Мне интересно было смотреть, как работал Фоменко. Мне всегда любопытно, как работает Виктюк. Что касается мхатовских стариков… Когда на канале «Культура» я смотрю записанные когда-то спектакли с участием Яншина, Кторова, Степановой, я заслушиваюсь.

— Это не режет вам слух сегодня?

— Нет. Режет слух плохо записанный звук, а не сценическая речь этих великих артистов. Или вспомним Раневскую. Невозможно забыть, с какой интонацией она произносила: «Королевства маловато, разгуляться негде». Если сегодня ставить «Золушку» как драму, то актриса, наверное, прошепчет: «Королевства маловато, разгуляться негде». Это, возможно, будет правильно с точки зрения бытовой достоверности, но мы все равно будем тосковать по той интонации, с какой эту фразу произносила Раневская.

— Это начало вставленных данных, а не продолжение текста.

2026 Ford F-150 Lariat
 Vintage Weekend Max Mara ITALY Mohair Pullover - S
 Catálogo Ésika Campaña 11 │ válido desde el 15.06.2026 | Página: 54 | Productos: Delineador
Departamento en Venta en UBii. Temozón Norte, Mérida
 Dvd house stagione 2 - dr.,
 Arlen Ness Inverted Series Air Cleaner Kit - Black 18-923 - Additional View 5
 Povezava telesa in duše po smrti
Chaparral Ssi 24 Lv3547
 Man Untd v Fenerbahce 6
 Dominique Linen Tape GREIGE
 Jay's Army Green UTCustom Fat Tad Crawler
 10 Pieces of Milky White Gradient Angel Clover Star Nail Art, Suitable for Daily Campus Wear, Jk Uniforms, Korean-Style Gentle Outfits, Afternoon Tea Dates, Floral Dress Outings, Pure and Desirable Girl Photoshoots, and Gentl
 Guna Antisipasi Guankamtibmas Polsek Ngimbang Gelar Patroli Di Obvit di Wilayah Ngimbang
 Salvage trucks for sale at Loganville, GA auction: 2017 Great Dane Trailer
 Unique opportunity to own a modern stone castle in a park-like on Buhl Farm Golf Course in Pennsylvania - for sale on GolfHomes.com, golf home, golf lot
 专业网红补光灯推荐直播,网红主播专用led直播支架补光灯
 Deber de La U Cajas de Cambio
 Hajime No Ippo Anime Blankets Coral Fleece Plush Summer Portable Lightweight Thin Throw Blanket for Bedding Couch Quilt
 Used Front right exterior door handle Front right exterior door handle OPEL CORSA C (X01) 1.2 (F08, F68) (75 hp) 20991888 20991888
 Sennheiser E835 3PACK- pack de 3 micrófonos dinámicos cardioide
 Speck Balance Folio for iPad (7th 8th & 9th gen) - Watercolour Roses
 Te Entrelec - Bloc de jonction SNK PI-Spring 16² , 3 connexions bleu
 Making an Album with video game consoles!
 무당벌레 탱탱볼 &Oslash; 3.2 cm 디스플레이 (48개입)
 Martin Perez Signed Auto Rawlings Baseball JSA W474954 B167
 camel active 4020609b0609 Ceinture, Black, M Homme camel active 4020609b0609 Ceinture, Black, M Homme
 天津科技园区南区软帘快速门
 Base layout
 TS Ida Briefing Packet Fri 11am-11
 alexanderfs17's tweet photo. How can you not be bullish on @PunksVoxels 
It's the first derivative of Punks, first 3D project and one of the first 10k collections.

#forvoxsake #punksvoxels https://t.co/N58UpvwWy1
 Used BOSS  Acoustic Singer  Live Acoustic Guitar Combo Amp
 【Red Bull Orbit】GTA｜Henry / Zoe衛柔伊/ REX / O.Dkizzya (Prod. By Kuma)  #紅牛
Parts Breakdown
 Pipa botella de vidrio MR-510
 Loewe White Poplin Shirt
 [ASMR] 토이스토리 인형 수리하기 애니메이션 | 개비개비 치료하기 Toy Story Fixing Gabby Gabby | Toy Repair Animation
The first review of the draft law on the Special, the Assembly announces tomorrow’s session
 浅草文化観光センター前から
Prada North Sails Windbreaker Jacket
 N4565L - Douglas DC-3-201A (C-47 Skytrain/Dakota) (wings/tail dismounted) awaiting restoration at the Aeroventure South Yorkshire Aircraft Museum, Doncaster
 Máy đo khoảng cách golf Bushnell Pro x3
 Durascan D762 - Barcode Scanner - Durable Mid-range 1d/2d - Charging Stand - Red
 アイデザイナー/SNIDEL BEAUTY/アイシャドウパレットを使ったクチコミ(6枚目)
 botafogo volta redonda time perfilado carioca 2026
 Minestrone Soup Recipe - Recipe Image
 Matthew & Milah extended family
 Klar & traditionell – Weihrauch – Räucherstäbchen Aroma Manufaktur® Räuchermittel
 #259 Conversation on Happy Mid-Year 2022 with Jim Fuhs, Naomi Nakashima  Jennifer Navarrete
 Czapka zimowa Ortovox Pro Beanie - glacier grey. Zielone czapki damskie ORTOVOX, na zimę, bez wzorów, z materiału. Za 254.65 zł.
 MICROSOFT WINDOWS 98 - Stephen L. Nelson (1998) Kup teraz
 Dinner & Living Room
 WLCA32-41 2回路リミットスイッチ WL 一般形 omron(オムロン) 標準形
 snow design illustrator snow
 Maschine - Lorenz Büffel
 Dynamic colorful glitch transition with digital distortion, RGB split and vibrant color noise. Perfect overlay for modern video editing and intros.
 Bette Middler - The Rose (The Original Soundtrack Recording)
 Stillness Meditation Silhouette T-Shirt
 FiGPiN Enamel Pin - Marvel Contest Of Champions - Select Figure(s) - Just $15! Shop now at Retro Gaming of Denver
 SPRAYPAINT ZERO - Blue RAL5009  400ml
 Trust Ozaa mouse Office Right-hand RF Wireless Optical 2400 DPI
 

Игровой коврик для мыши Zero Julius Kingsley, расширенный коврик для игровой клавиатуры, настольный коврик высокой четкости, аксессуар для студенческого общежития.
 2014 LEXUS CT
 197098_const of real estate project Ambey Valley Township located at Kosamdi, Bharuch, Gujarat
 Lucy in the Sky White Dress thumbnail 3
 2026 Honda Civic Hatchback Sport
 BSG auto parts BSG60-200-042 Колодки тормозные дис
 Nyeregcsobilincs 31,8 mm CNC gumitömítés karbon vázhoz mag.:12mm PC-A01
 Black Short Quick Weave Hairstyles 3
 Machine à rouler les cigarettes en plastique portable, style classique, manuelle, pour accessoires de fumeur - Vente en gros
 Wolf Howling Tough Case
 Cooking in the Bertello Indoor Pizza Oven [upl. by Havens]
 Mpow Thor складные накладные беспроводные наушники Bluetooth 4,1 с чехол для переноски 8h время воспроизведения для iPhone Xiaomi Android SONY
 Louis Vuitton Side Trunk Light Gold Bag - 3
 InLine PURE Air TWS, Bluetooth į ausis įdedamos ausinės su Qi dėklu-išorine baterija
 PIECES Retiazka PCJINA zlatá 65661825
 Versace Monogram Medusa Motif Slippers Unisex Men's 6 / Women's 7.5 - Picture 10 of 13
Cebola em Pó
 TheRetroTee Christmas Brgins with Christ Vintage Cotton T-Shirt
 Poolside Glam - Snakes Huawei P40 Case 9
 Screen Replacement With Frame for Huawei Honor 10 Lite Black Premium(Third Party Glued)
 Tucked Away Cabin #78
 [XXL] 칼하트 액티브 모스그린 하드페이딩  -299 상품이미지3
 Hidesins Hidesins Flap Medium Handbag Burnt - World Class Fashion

Вообще интонация — это самое важное. Раньше благодаря интонации театр даже в советских пьесах умудрялся сказать правду о нашей жизни. Иногда интонацией можно изменить смысл слова. Владение действенной интонацией — показатель мастерства драматического актера. В музыкальном театре то же самое.

Станиславский писал свою систему по Шаляпину, по его интонации. Шаляпин владел этой интонацией, у него была целая наука, связанная с интонацией. Он говорил, что интонация — это искусство смысловой паузы. В музыкальном театре такую паузу сделать очень сложно, поскольку нельзя остановить оркестр, но некая приостановка музыки, как бы смысловой вздох — они иногда могут сказать гораздо больше, чем целая музыкальная фраза.

— Как вы относитесь к спектаклям, где пьесы Чехова или Шекспира ради «правды сегодняшней жизни» играют в современных костюмах?

— К хорошим спектаклям отношусь хорошо, к плохим — соответственно. Если режиссеру «Вишневого сада» необходимо одеть Раневскую и Гаева в современные костюмы и включить на сцене телевизор, по которому идет программа «Время», где в данную минуту показывают, как в каком-то регионе России вырубают сады, делят участки, — если это сделано осмысленно и талантливо, то почему бы и нет. Если же это просто дань театральной моде, то мне это не интересно.

— Чем мы закончим разговор о правде жизни и правде искусства?

— Можно закончить словами, которые Пушкин вложил в уста Сальери: «Нет правды на земле, но правды нет и выше». Или другой фразой того же Сальери — той, которой он оценивает музыку гения Моцарта: «Какая глубина, какая стройность и какая смелость!» Этой фразой определяются все компоненты гениального произведения. Глубина — это концепция, стройность — это профессионализм, смелость — это новация. Вот три кита, на которых, собственно, и держится искусство.